How secure are we?

Friday, September 15, 2017
4 mins read

Most of us are connected to the internet in some way or the other and are constantly sharing our information online. But how secure are we in an online world?

It’s a trick question to ask, we’re secure enough or we’re not secure enough. A lot of it comes down to ‘What does it mean to be secure?’ Everyone’s perception of what secure means and what you should do to be secure is completely different depending on your viewpoint. A good answer to the question ‘Are we secure enough?’ can be: We’re taking reasonable steps. We feel like we’re in a good position, but there’s obviously more we can do — Andy Ellis at 2015 RSA Conference in San Francisco

One way security is ensured while you browse the internet is through HTTPS.

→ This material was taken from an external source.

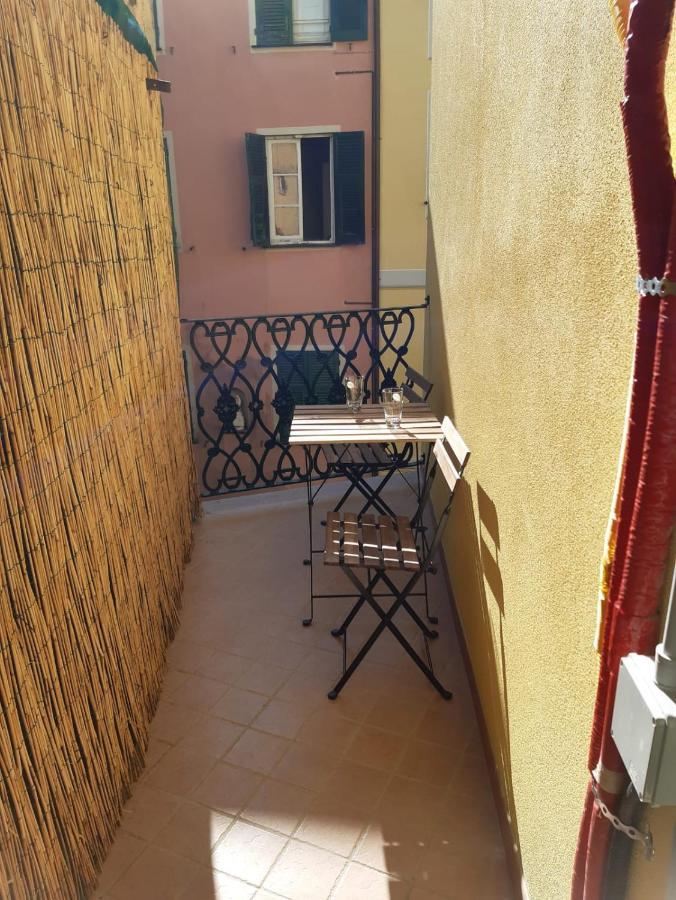 Casa Ylenia Villa Borzonasca Eksteriør bilde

HTTPS (Hypertext Transfer Protocol Secure) is the protocol for secure communication on the World Wide Web. HTTPS secures its connections by using Transport Layer Security (TLS) or its predecessor, Secure Sockets Layer (SSL); both frequently referred to as SSL. These protocols authenticate web servers and encrypt messages sent between browsers and web servers. HTTPS takes HTTP protocol, and simply layers a SSL/TLS encryption layer on top of it.

SSL certificates creates trust by ensuring a secure connection, shown by browsers by giving visual clues, such as a lock icon or a green bar.

When a browser attempts to access a website that is secured by SSL, the browser and the web server establishes an SSL connection i.e. SSL handshake. SSL certificates have a key pair: a public and a private key1. Encryption is done with the public key while decryption using the private key. Because encryption and decryption takes a lot of processing power (computationally costly2) as assymetric keys being larger than the symmetric keys3, they are only used during the SSL handshake to create (share) a symmetric session key. After the secure connection is made, the session key is used to encrypt all transmitted data4.

The steps can be summarised as follows:

  1. First, the server (SSL server) sends a copy of its asymmetric public key to the browser (SSL client).
  2. The browser creates a symmetric session key and encrypts it with the server’s asymmetric public key. Then sends it to the server.
  3. The server decrypts the encrypted session key using its private key. The server and the browser now encrypt and decrypt all transmitted data with the symmetric session key. The session key is only used for that session.

The most important part of an SSL certificate is that it is digitally signed by a trusted party, like DigiCert. Anyone can create a certificate, but browsers only trust certificates that come from an organization on their list of trusted CAs (Certificate Authority).

Note that HTTPS is not unbreakable, and the SSL protocol has to evolve constantly as new attacks against it are discovered and squashed. But it is still an impressively robust way of transmitting data securely without worrying about who sees your messages.

Footnotes:
1: Assymetric Cryptography: Assymetrical (public-key) crytography uses pair of keys: public key which is publicly available and private key which is known to the owner only. Any person can encrypt a message using the public key of the receiver, but such a message can be decrypted only with the receiver’s private key.
2: Slow Public Key Algorithms: The public key and private keys are mathematically related. The public key is available publicly. To compensate, both public and private keys are needed to be quite large to ensure a stronger level of encryption therefore slowing down the encryption process. Also, a third party (CA) has to be introduced to certify the authenticity of a public key. All the above factors contribute to slowness of public key system.
3: Symmetric Cryptography: Symmetric (secret-key) cryptography uses a single key for both encryption and decryption of the message.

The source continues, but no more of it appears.